** DATA PROVIDED follows **

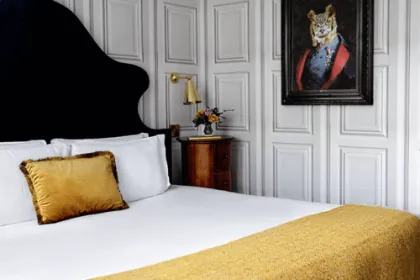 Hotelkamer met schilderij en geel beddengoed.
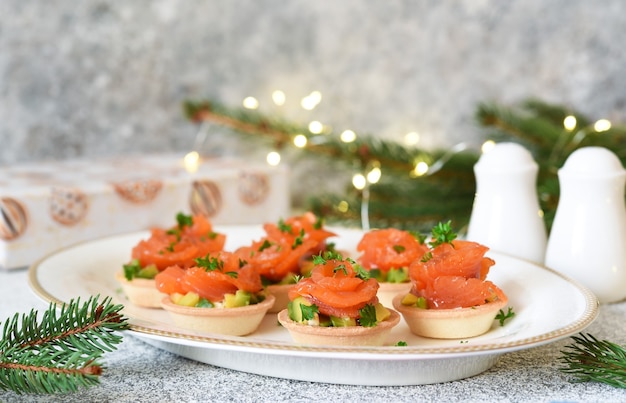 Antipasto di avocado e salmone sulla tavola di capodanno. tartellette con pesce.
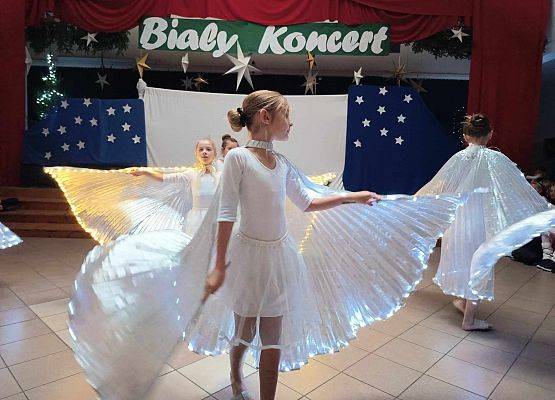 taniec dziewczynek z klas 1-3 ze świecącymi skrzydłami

** End of DATA PROVIDED **

> TASK ITEM: Write out every line above exactly, minus images.

> WRITTEN ANSWER:
 Hotelkamer met schilderij en geel beddengoed.
 Antipasto di avocado e salmone sulla tavola di capodanno. tartellette con pesce.
 taniec dziewczynek z klas 1-3 ze świecącymi skrzydłami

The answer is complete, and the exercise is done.